:: ASSIGNED TASK ::
Only the lines from the one with "Une salle de" to the end of the data, both ends included, should be output, exactly as they stand and without pictures.

#### INFORMATION ####

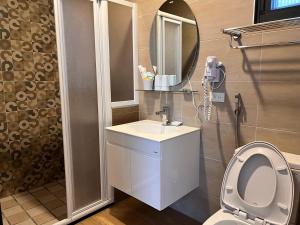 un bagno con un water, un lavandino e uno specchio di Country Road B&B a Guangfu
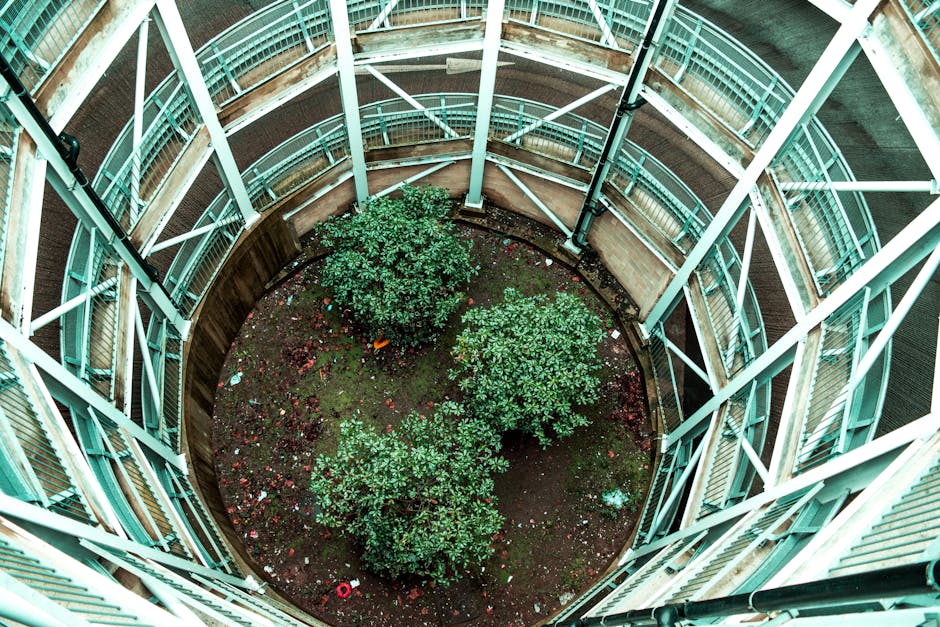 A circular garden courtyard surrounded by multi-storey residential buildings with external walkways and metal railings painted in light turquoise. The garden features a central patch of dark, moist so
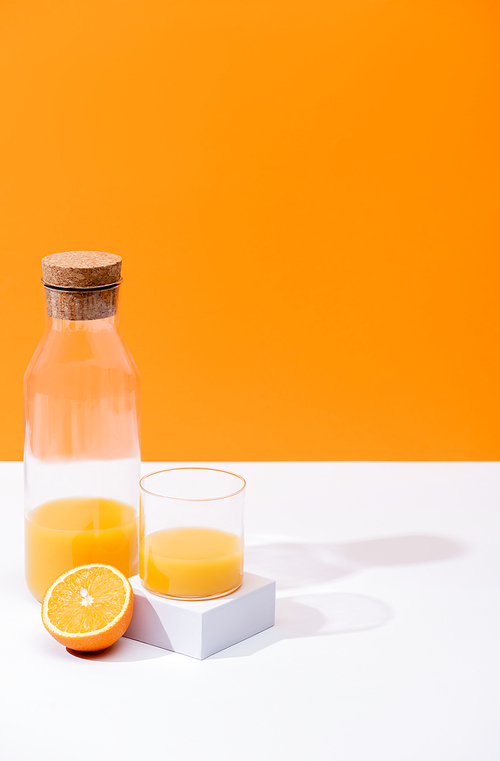 fresh orange juice in glass and bottle near cut fruit on white surface isolated on orange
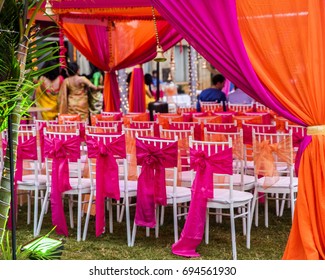 Colorful outdoor lawn tent and garden setting for Indian pre-wedding ceremony.  Vibrant pink and orange silk fabric curtains and bows on white chairs. Guests in background.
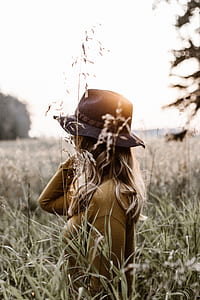 woman standing on field near tall grasses during daytime thumbnail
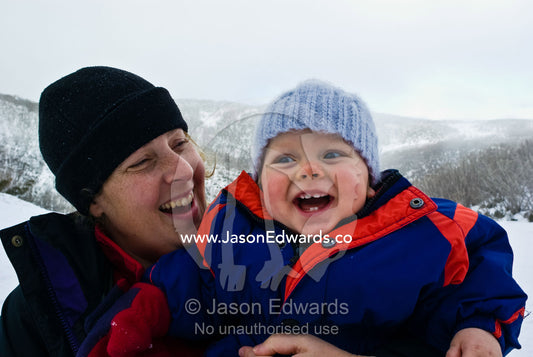 A mother and son enjoying a winter day in an alpine ski resort. Falls Creek, Alpine National Park, Victoria, Australia.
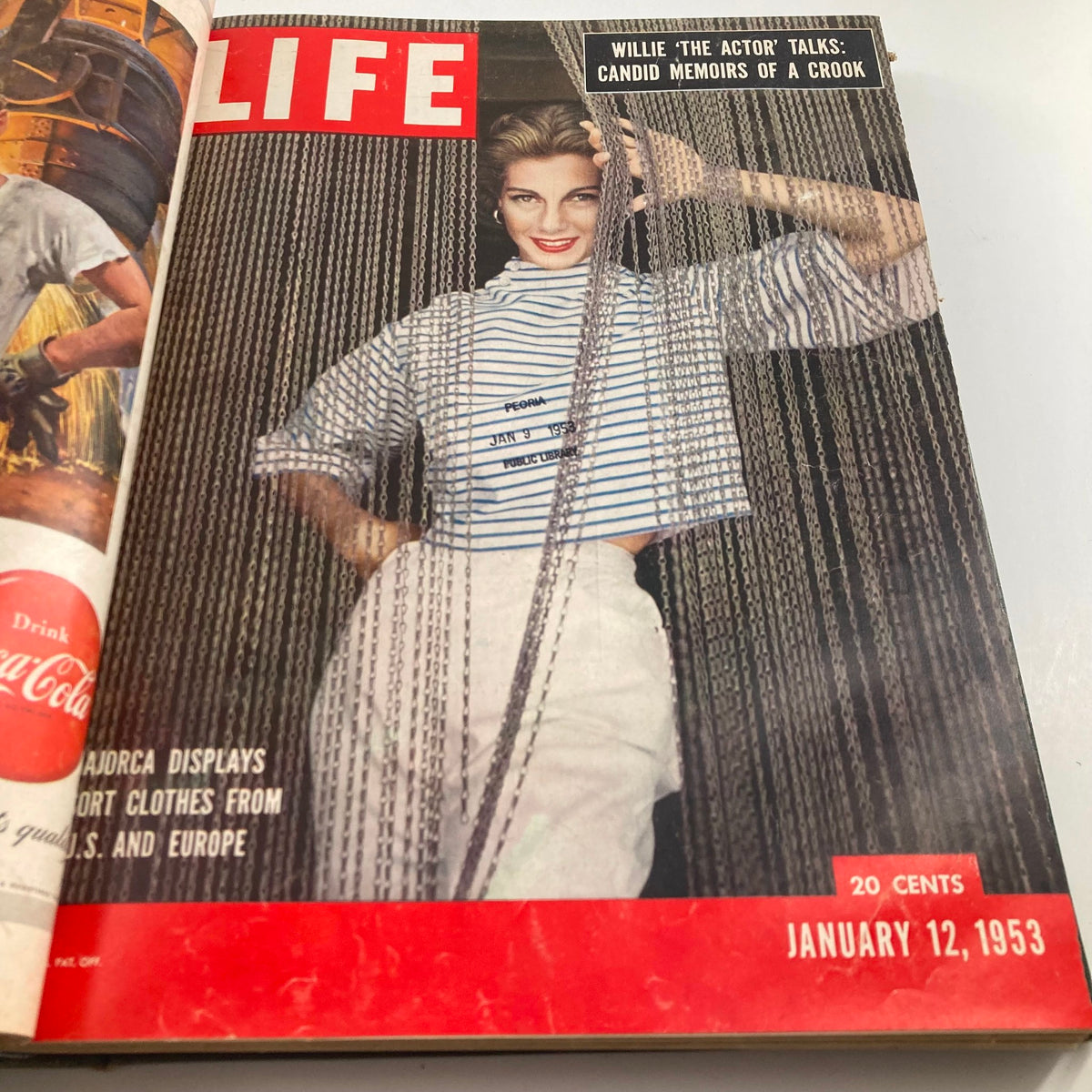 January 12, 1953 edition of the VTG 1953 Bound Life Magazine, showcasing a fashionable model against a chain backdrop, highlighting 1950s trends.
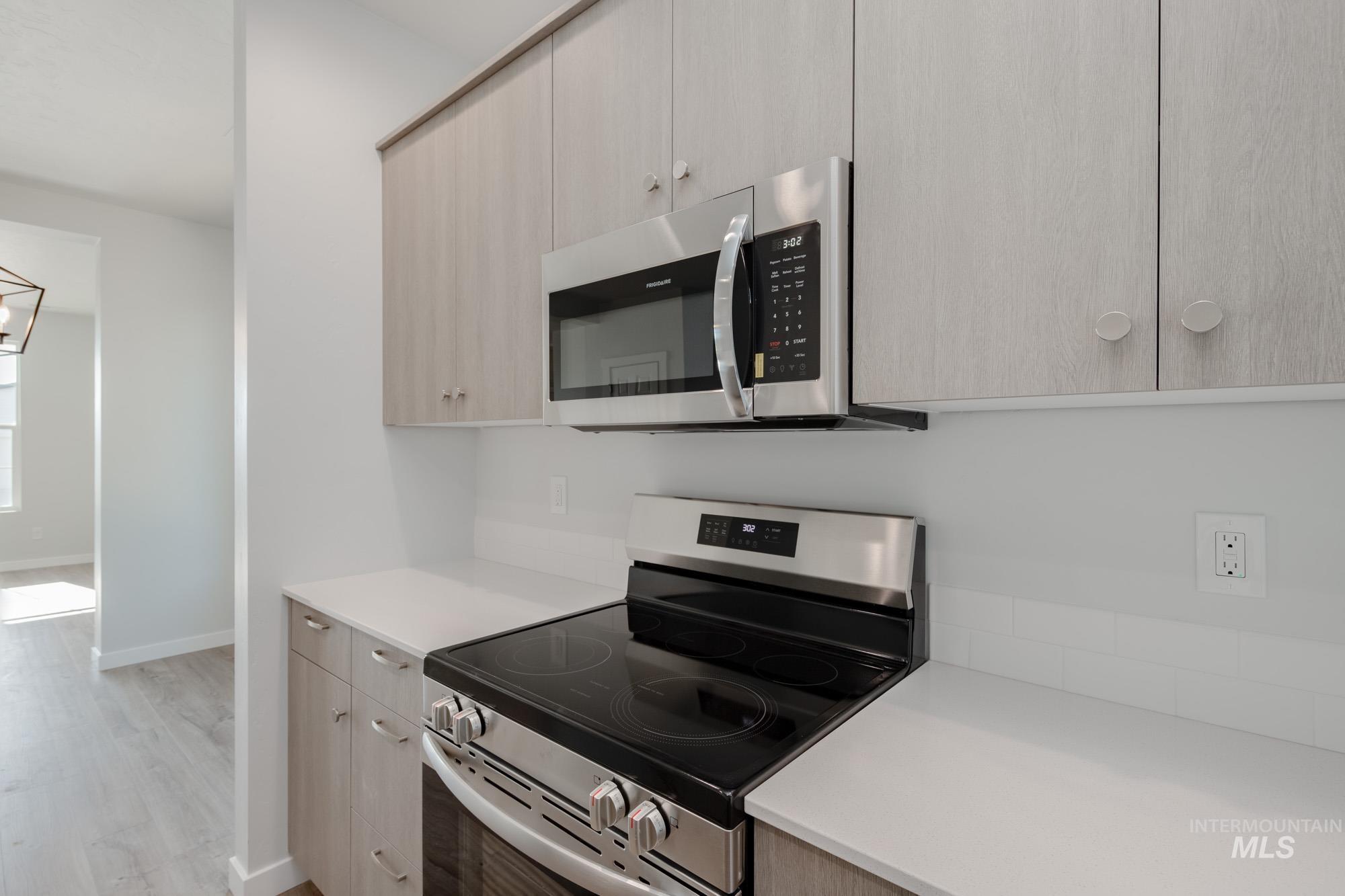 Kitchen with appliances with stainless steel finishes, light wood-style floors, modern cabinets, and light brown cabinets
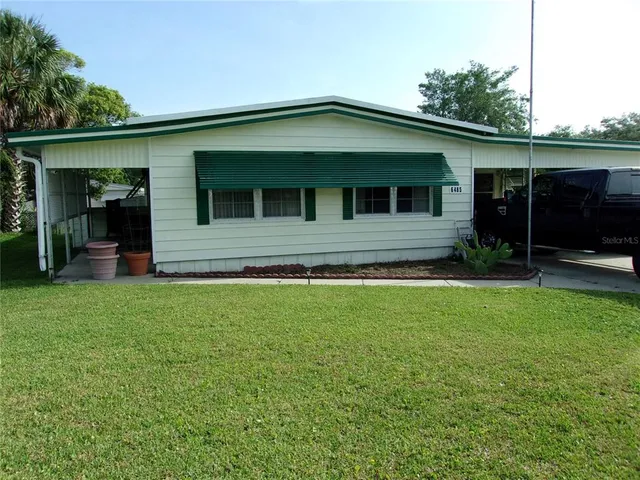 a front view of house with yard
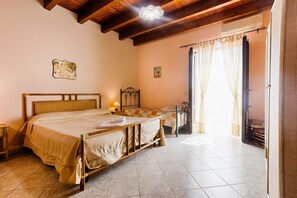 A bedroom with a wooden bed, a bedside table, a lamp, a window with curtains, and a small table with a chair.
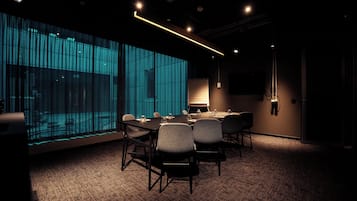 Une salle de conférence équipée d’une grande table, de chaises, d’un projecteur et d’une grande fenêtre donnant sur un immeuble.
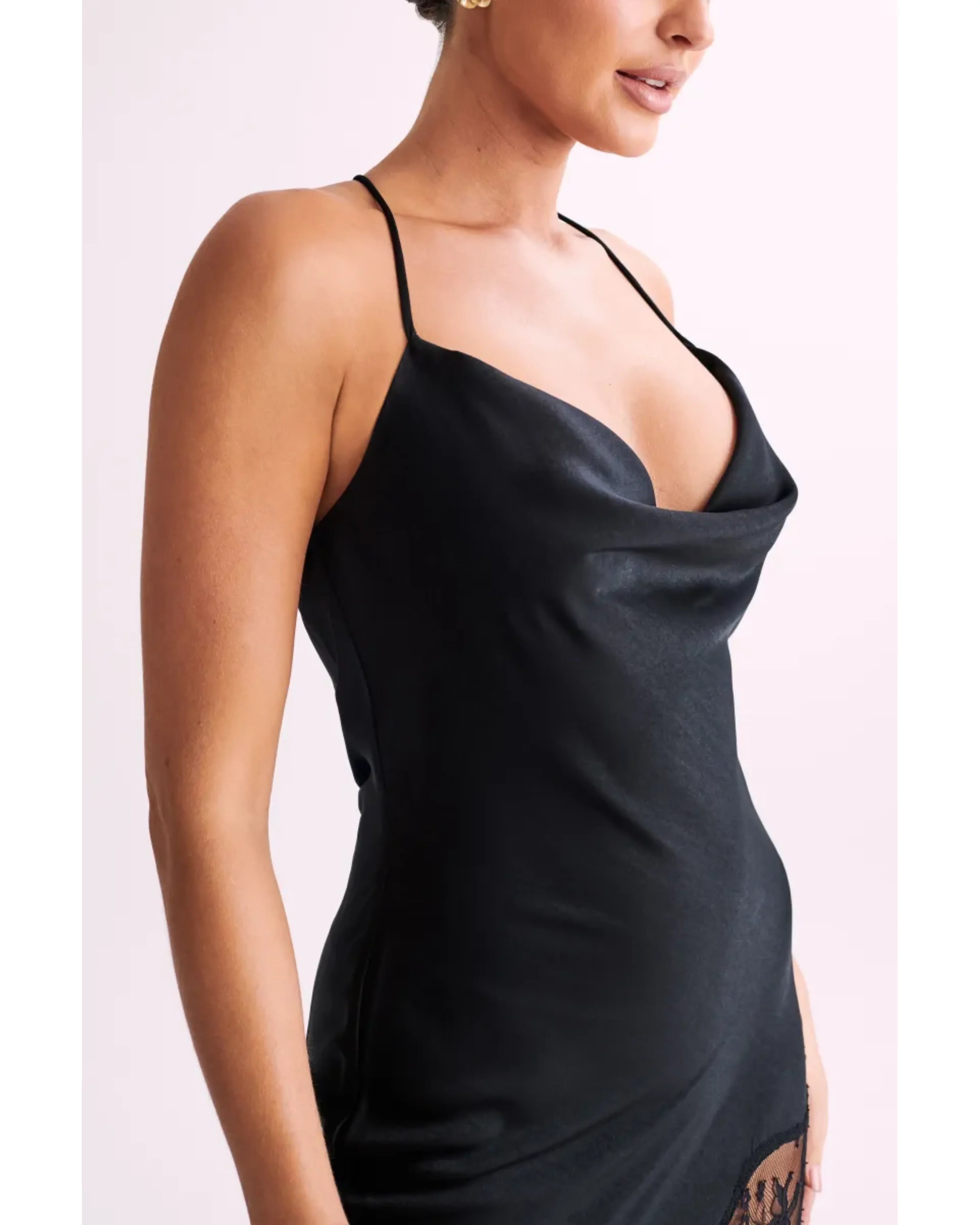 Woman wearing black satin maxi dress with lace side detail and halter neckline — Meshki | Endless UAE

####

:: YOUR RESPONSE ::
 Une salle de conférence équipée d’une grande table, de chaises, d’un projecteur et d’une grande fenêtre donnant sur un immeuble.
 Woman wearing black satin maxi dress with lace side detail and halter neckline — Meshki | Endless UAE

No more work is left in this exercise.